State v. Rundle, 176 Wis.2d 985 (1983). For aiding and abetting, a person needs to engage in some conduct, verbal or overt, that as a matter of objective fact aids another in committing the crime AND the person must have a conscious desire or intent that the conduct will in fact yield such assistance.
State v. Simplot, 180 Wis.2d 383 (Ct. App. 1993). There is no need for the jury to be unanimous regarding the alternative ways for a person to be a party to a crime. So long as all twelve agree that the person either directly committed the crime or aided and abetted the commission that is sufficient.
Holland v. State, 91 Wis.2d 134 (1979). Party to a crime statute does not create a separate and distinct offense. It sets forth a ways to be involved in the commission of a substantive crime. Also, there is often overlapping between being an aider and abettor and a conspirator.
State v. Whiting, 136 Wis.2d 400 (Ct. App. 1987).
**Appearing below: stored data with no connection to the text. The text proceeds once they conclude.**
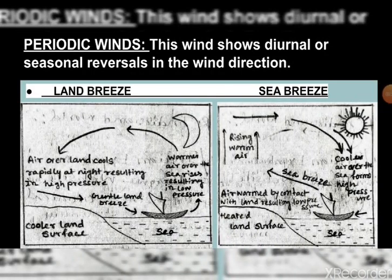In this part we will learn about periodic winds. As the name suggests, these winds are characterized by a reversal in wind direction which may be seasonal or daily. There are two types of periodic winds we will learn about: land breeze and sea breeze.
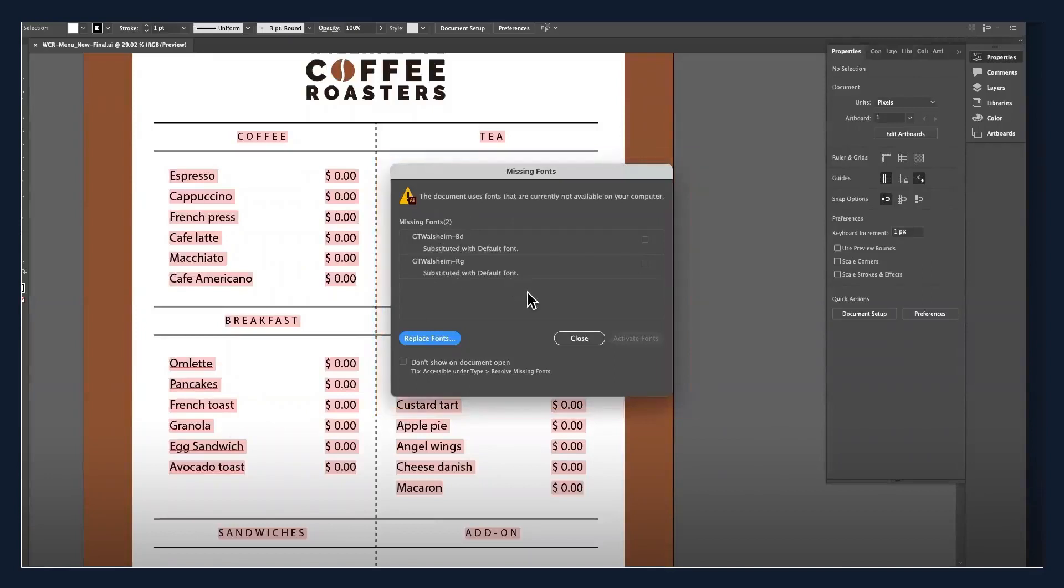In Illustrator, missing fonts are easily identified by pink highlighting and a diamond icon next to the font's name.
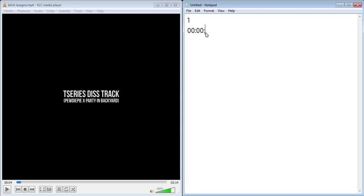The pattern goes as hours colon minutes colon seconds comma milliseconds. Leave a space and type two hyphens and a greater than symbol. Now type the end timing.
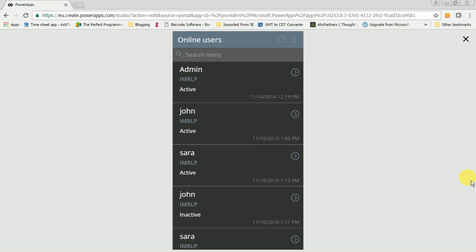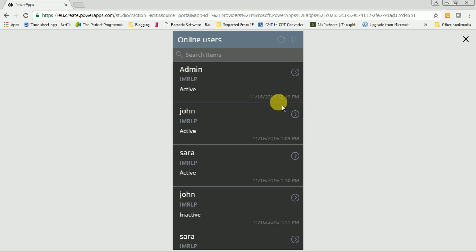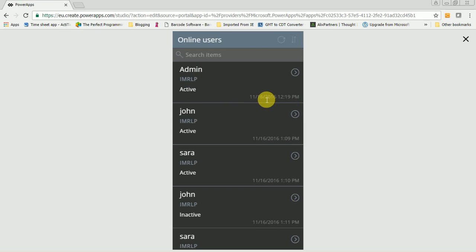As you can see on the first screen, we have a list of users, including the administrator, who are logged into the AX application on my local machine. You can easily find information like user alias, session status, logged in date and time, and more on this screen without going into the Microsoft Dynamics AX2012 application.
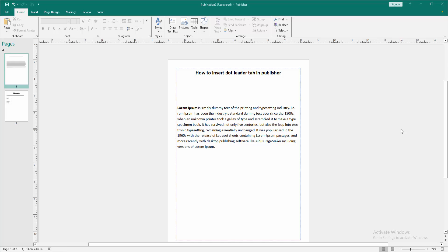In this video, I am going to show you how to insert a leader tab in Microsoft Publisher. Let's get started.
To convict a person of being a party to a crime there need only be evidence showing that the person was a willing participant. for example, merely locating a homicide victim and bringing the shooter and victim together is enough.
State v. Marshall, 92 Wis.2d 107 (1979). A person need not perform an act which constitutes an essential element of a crime in order to be an aider and abettor. A person need only undertake some conduct.
State v. Zalenka, 130 Wis.2d 34 (1986). Proof of acts which can support liability as a party to a crime is separate from proof of the underlying criminal act.
State v. King, 120 Wis.2d 285 (Ct. App. 1984). Mere presence and ambivalent conduct at the scene of a crime is insufficient to support a conviction as a party to a crime.
State v. Williquette, 125 Wis.2d 86 (Ct. App. 1985). An omission may constitute aiding and abetting only if a person has a legal duty to act. (A parent has a legal duty to protect one's child and failing to protect one's child from the other parent may constitute aiding and abetting.)
State v. Martinez, 150 Wis.2d 47 (1989). Being ready and willing to assist the commission of a crime is "some conduct" that as objective fact aids another.
Bethards v. State, 45 Wis.2d 606 (1970). A lookout can properly be held vicariously liable for the crime of another.
Clark v. State, 62 Wis.2d 194 (1974). Supplying a gun; loading the gun is sufficient for party to a crime liability.
State v. Charbarneau, 82 Wis.2d 644 (1978). When a person is ready and willing to render aid that person is an aider and abettor. This is a reasonable assumption since this tends to further the criminal objective by providing support.
In the Interest of R.B., 108 Wis.2d 494 (Ct. App. 1982). Mere presence at a party, even though the juvenile had knowledge that beer would be there and its accessibility to him is insufficient to constitute possession of beer.
State v. Doney, 114 Wis.2d 309 (Ct. App. 1983). A co-conspirator is an agent in a criminal venture. Persons who enter into a conspiracy become ad hoc agents for one another.
The concept of party to a crime involves an intent to be involved in the commission of a crime and some conduct in furtherance of the crime. "Just being present" at a crime scene or "just knowing" that a crime is being committed alone does not make one criminally liable for the conduct of the criminal actor. To sum it up, to be a party to a crime requires "mens rea."